Last fall, Toys "R" Us filed for bankruptcy, becoming another casualty in online retailers' prolonged assault on brick-and-mortar stores.
A JPMorgan-led bank syndicate and a group of existing lenders initially agreed to commit $3.1 billion in debtor-in-possession (DIP) financing to support operations during the restructuring. As a result, it is becoming increasingly likely that the US branch of the company will be liquidated, leading to the closure of all USA stores.
The New Jersey-based toy chain entered bankruptcy in September, planning to emerge with a leaner business model and more manageable debt, The Los Angeles Times reported.
The company announced earlier this month they planned on closing stores in the United Kingdom, but it's not clear how many. The report cites anonymous sources close to the company.More news: Tillerson Pledges $533 Million in US Humanitarian Aid to Africa
LONDON, ENGLAND - FEBRUARY 19: Closing down signs sit on the window of Toys R Us in New Kent Road on February 19, 2018 in London, England.

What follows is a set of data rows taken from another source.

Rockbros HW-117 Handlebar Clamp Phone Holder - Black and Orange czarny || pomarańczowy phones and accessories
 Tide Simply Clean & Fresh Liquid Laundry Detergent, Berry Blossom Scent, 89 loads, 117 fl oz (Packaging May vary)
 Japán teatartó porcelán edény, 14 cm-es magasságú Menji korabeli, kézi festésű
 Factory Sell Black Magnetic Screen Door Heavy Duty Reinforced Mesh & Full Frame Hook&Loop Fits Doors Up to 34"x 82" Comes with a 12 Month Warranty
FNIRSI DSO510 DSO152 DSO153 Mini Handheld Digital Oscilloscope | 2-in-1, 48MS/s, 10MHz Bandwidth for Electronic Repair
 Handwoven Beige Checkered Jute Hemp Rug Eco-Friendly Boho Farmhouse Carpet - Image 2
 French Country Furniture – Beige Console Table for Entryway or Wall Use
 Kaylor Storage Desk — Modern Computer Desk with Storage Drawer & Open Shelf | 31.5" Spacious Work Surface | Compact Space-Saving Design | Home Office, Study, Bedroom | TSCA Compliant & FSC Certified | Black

A liquidation could also spell disaster for smaller toy companies.
But it had an additional burden that stacked the deck against it - close to $5 billion in debt resulting from a leveraged buyout in 2005. It initially pledged not to close stores, and its earnings had shown improvement by some measures. A month later, the New Jersey-based toy retailer said it would likely close another 200 - or almost half - of all its stores. The company has about another 800 stores worldwide. In the early 1990s, sales were increasing at a 10 percent annual clip.
Even so, both Mattel and Hasbro took hits in the stock market on Friday.